Non è casuale quindi la tendenza da parte delle banche centrali di diversificare le proprie riserve aumentando per esempio le quote detenute in euro. Ma questo comportamento ha ovviamente delle conseguenze per quanto riguarda la moneta e l’economia europee: la prima si sta rivalutando (in termini reali vale già oltre il 30 per cento in più rispetto al dollaro), mentre la seconda incomincia a soffrire in termini di crescenti disavanzi delle bilance commerciali di alcuni paesi. E poiché l’euro non ha alle spalle uno Stato capace di fare una politica economica e monetaria ma, come osserva Stiglitz, ha “una banca centrale che si preoccupa solo ed esclusivamente dell’inflazione, senza alcun riguardo per i problemi occupazionali e della crescita”, prima o poi gli europei dovranno affrontare questo problema.
Finora, sul piano globale, un fattore ha bilanciato il rischio di un repentino crollo del sistema fondato sul dollaro: lo stretto legame che lega gli USA e la Cina in campo commerciale e finanziario. Come scrive Stigltiz oggi “la Cina e gli USA si tengono reciprocamente in ostaggio”. Il problema è rappresentato dal fatto che una incrinatura di questo legame potrebbe avere delle conseguenze dirompenti anche per il resto del mondo.
Alcune recenti decisioni del governo cinese fanno presagire dei cambiamenti per quanto riguarda l’atteggiamento della Cina nei confronti della globalizzazione e del suo rapporto con il dollaro. In primo luogo il governo cinese ha per esempio deciso di creare una holding finanziaria, controllata dalla Banca Centrale cinese per gli investimenti all’estero destinata a diventare “uno dei più potenti investitori mondiali”. Attraverso questa holding la Cina potrebbe incominciare a scongelare le montagne di riserve valutarie accumulate nei forzieri della sua banca centrale (a fine 2006 erano 1077 miliardi di dollari e raddoppieranno in quattro anni), riversandole nel mercato mondiale. In secondo luogo è in corso una riforma nel settore delle banche pubbliche cinesi, che dovrebbe consentire da un lato di utilizzare meglio le riserve, troppo dipendenti dal dollaro, e gli investimenti, troppo legati ai titoli americani, e dall’altro sarebbe destinata a favorire il credito per un settore in difficoltà come quello agricolo.
L’India e gli USA nel frattempo non staranno a guardare, perché queste misure avranno delle sicure ripercussioni economiche e finanziarie sulle rispettive economie.

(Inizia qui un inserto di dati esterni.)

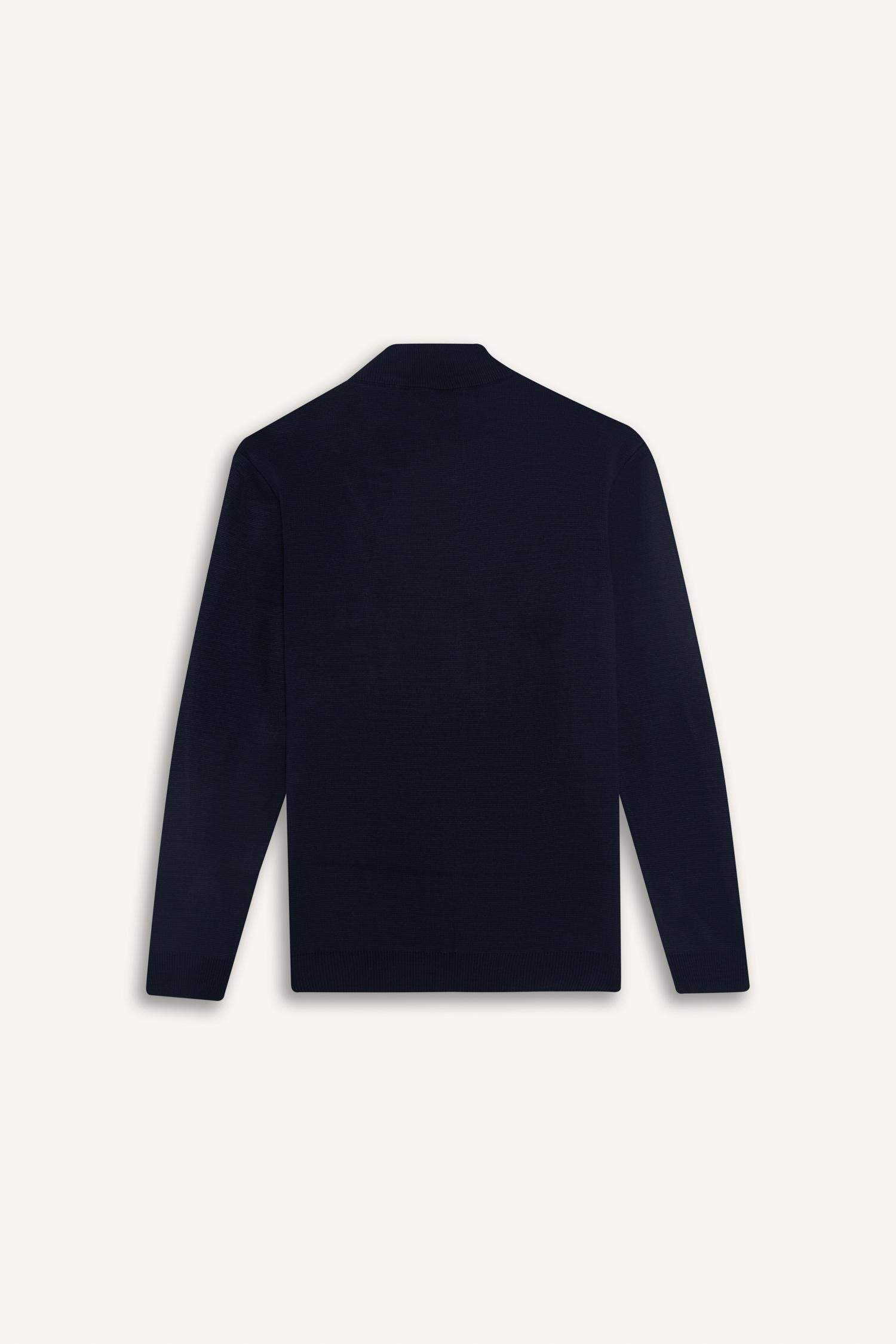 سترة تريكو قصة عادية بياقة مدورة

E l’Europa? E’ sempre più evidente che il nostro continente sta tuttora vivendo in larga parte sui successi dell’integrazione economica e monetaria conseguiti nei decenni passati. Ma proprio in quanto è assente sul terreno della politica estera e della difesa e non ha una politica monetaria internazionale credibile, in quanto tutti sanno che dietro l’euro non c’è un ministro del tesoro europeo, ma tredici politiche economiche e fiscali spesso in contraddizione fra loro, si trova impreparata a reagire prontamente ai grandi cambiamenti che si profilano.
La globalizzazione sta liberando
immense energie e risorse produttive, economiche e commerciali, che solo i grandi Stati di dimensione continentale sono ormai in grado, se non di controllare completamente, almeno di contenere, dirigere, adattare. Per questo il nostro continente, finché gli europei non si dimostreranno capaci di creare uno Stato federale europeo, sarà destinato a subire gli effetti della globalizzazione e le scelte degli altri attori mondiali e a giocare un ruolo marginale.
1) Susan Strange, Chi governa l’economia mondiale?, Il Mulino, 1998
2) Federico Rampini, L’impero di Cindia, Mondatori, 2006
3) Joseph E. Stiglitz, La globalizzazione che funziona, Einaudi, 2006
4) L’Asia detiene circa il 60% delle riserve mondiali, in grandissima parte in dollari, con la Cina che da sola ha riserve per oltre 1000 miliardi di dollari in valore (70% in valuta USA).